Studying the behavior of gene regulatory networks by learning from high-throughput genomic data has become one of the central problems in computational systems biology. Most work in this area has focused on learning structure from data – e.g. finding clusters or modules of potentially co-regulated genes, or building a graph of putative regulatory “edges” between genes – and has been successful at generating qualitative hypotheses about regulatory networks.
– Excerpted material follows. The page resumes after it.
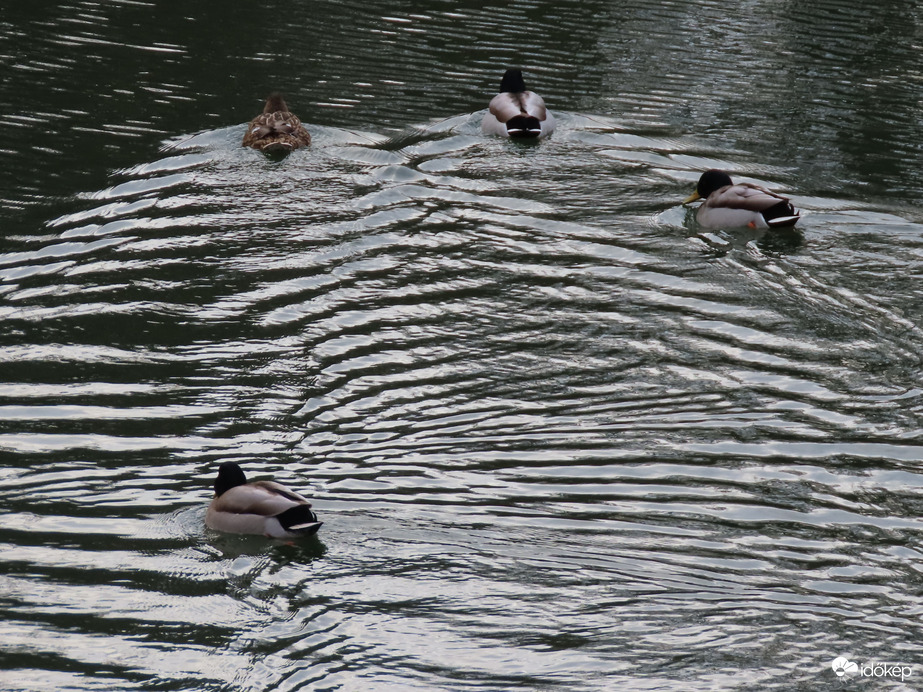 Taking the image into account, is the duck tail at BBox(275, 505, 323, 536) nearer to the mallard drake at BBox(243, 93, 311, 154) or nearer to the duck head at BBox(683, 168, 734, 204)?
the duck head at BBox(683, 168, 734, 204)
Instead of adopting the structure learning viewpoint, our focus is to build predictive models of gene regulation that allow us both to make accurate quantitative predictions on new or held-out experiments (test data) and to capture mechanistic information about transcriptional regulation. Our algorithm, called MEDUSA, integrates promoter sequence, mRNA expression, and transcription factor occupancy data to learn gene regulatory programs that predict the differential expression of target genes. Instead of using clustering or correlation of expression profiles to infer regulatory relationships, the algorithm learns to predict up/down expression of target genes by identifying condition-specific regulators and discovering regulatory motifs that may mediate their regulation of targets. We use boosting, a technique from statistical learning, to help avoid overfitting as the algorithm searches through the high dimensional space of potential regulators and sequence motifs. We will report computational results on the yeast environmental stress response, where MEDUSA achieves high prediction accuracy on held-out experiments and retrieves key stress-related transcriptional regulators, signal transducers, and transcription factor binding sites. We will also describe recent results on the hypoxic response in yeast, where we used MEDUSA to propose the first global model of the oxygen sensing and regulatory network, including new putative context-specific regulators. Through our experimental collaborator on this project, the Zhang Lab at Columbia University, we are in the process of validating our computational predictions with wet lab experiments.
Speaker Biography
Dr. Leslie received her Ph.D. in Mathematics from Berkeley and held an NSERC Postdoctoral Fellowship in the Mathematics Department at Columbia University. She joined the Columbia Computer Science Department in Fall 2000 and moved to the Center for Computational Learning Systems, a new machine learning research center in the School of Engineering at Columbia, in Spring 2004. She is the principal investigator leading the Computational Biology Group (http://www.cs.columbia.edu/compbio) and a faculty member of the Center for Computational Biology and Bioinformatics (C2B2) at Columbia University. Her research lab focuses on the development of machine learning algorithms for studying biological processes at the molecular and systems levels.